A major challenge facing reformers who are demanding high levels of performance from the educational system is to enable schools to make changes in the way they deliver services to create high performance. This article examines the utility of school-based management (SBM) as a means for generating school improvement and applies a model of high involvement management, developed in the private sector, to determine what makes SBM work and under what conditions. Emerging from the analysis is the importance of expanding the definition of SBM to include aspects of organizational redesign beyond the traditional boundaries of shared power in order to create the capacity within schools to develop high performance.
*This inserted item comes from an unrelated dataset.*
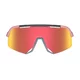 Photochromic Sunglasses Altalist Kisou PXC - bílá s růžovo-modrými skly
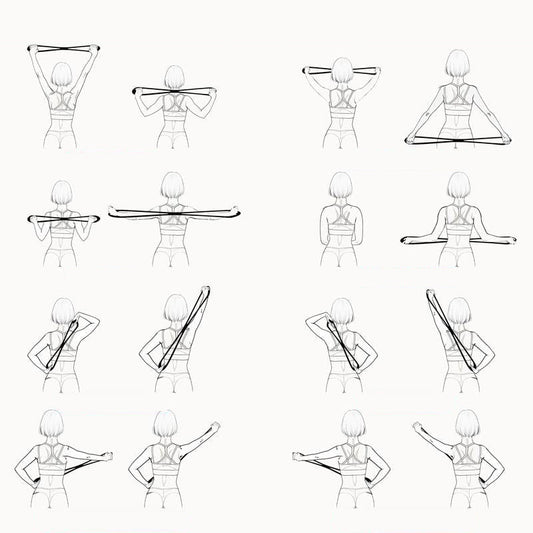 Resistance Band — Feel Stronger, Move Freer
Also of interest to this research are the organizational design mechanisms associated with SBM. Traditionally, SBM policies (as well as research on SBM) have had a limited focus on issues related to power, such as how much power should be devolved to the school site and who should be the ultimate authority on the campus. However, what we know from decades of organizational research is that organizational performance improves not only when power is shifted down to lower levels of the organization, but also when those empowered are trained for their new decision-making roles, have information to make informed decisions and are rewarded for high performance (Lawler, 1986). This framework of high involvement management offers hunches about conditions that might enable schools to make changes in the way they deliver their services to create high performance. Thus, if our goal is to create high performance schools, it is arguable that the boundaries of SBM need to be expanded beyond involvement of school-level people in organizational decision-making. It should be defined as an overall approach to involving participants in the management of schools that includes in addition to decision-making power increased professional development to prepare participants for expanded roles in the governance process and in the operation of the organization. Access to information related to management and performance, and reward systems that motivate and reinforce effort to produce high performance are also elements of the high involvement model. The argument is that providing instructional direction through an instructional guidance mechanism and moving decisions into the schools are not enough. These other resources -- information, knowledge and skills, and rewards -- will be required if school-level actors are to have the capacity to make the changes required to implement the new directions.
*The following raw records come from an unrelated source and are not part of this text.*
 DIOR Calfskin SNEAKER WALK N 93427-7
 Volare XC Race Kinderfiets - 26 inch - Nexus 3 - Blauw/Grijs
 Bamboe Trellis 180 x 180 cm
In sum, the research reported here, which focuses on the utility of SBM as a means for schools to generate performance-oriented changes in their instructional practices, is distinguished in two ways. First, it evaluates SBM in reform contexts where there was a push for curriculum and instruction reform, either from the state or the district. Second, the study goes beyond traditional boundaries of SBM by applying a model of high involvement, developed in the private sector, to better understand mechanisms that may contribute both to the successful governance of schools and to curricular and instructional reform in classrooms. The findings confirm the importance of expanding the definition of SBM to include aspects of the organization beyond decision-making power in order to create the capacity within schools to develop high performance. For practitioners and policy makers, this research offers practical design and implementation strategies to help schools improve their performance through SBM.